On 03/06/2015 10:35 AM, Harlan Stenn wrote:
Folks,

A while ago we got a request from the embedded folks asking for a way to
limit the writing of the drift file unless there was a "big enough"
change in the value to warrant this.

Somebody came up with an interesting way to do this that involves
looking to see how much the drift value has changed and only writing the
value if the change was "big enough".

By my read of the code and the comments:

1) it looks like the code is implementing something other  than what the
comments want, and

2) what's described *or* implemented seems way more complicated than
what we need.

I'm wondering if we should just let folks specify a drift/wander
threshold, and if the current value is more than that amount we write
the file, and if the current value is less than that amount we don't
bother updating the file.  If folks are on a filesystem where the number
of writes doesn't matter, no value would be set (or we could use 0.0)
and it's not an issue.

Thoughts?


For embedded systems, reducing the rate of writing make sense, so in this regard the question is valid IMHO.

There can't be a universal limit that will once and for all satisfy all needs, so some user configurability would make sense.

Another aspect is that if a drift-file exists, NTP believes it and skip the frequency track-in phase and does not resolve the resulting constant reset of time that will be a result of not being able to track in the difference between the given offset and actual offset, if it is too large (this addresses Jochen's 3rd point about worst case scenario). I discovered this the hard way some years back, but I think it never got resolved. Anyway, as long as this misfeature remains, lowering the drift-write rate could lead to subtle misconfiguration issues worse than existing drift-file issues. This would limit the range of values users could configure and it would also end up expose the existing misfeature since we need to make sure that there is a very high likelihood that the drift-value written is within the capture range of the PLL mode, even when written more seldom.

Trying to modify the way NTP write (Joochen's point 1) does not help for flashes, it's the write itself which may be long-term destruction, so it is reducing the rate of write which should be the key. It might be better to do the write as part of shut-down.

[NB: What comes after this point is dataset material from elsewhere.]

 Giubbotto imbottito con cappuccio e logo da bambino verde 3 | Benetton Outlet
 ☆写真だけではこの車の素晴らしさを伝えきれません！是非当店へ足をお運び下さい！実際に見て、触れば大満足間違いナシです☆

In general, the drift-file handling should be made more fool-proof first, before attempting to improve the write rate issue. It has already proven itself causing a number for problems, but rather than addressing it directly, trying to address triggers seems to be the main problem. Until this is done, the drift-file can be a beneficial accelerator for systems where it works, but may be discouraged for other system uses. It's main motivation is to overcome the FLL phase time of NTP start-up.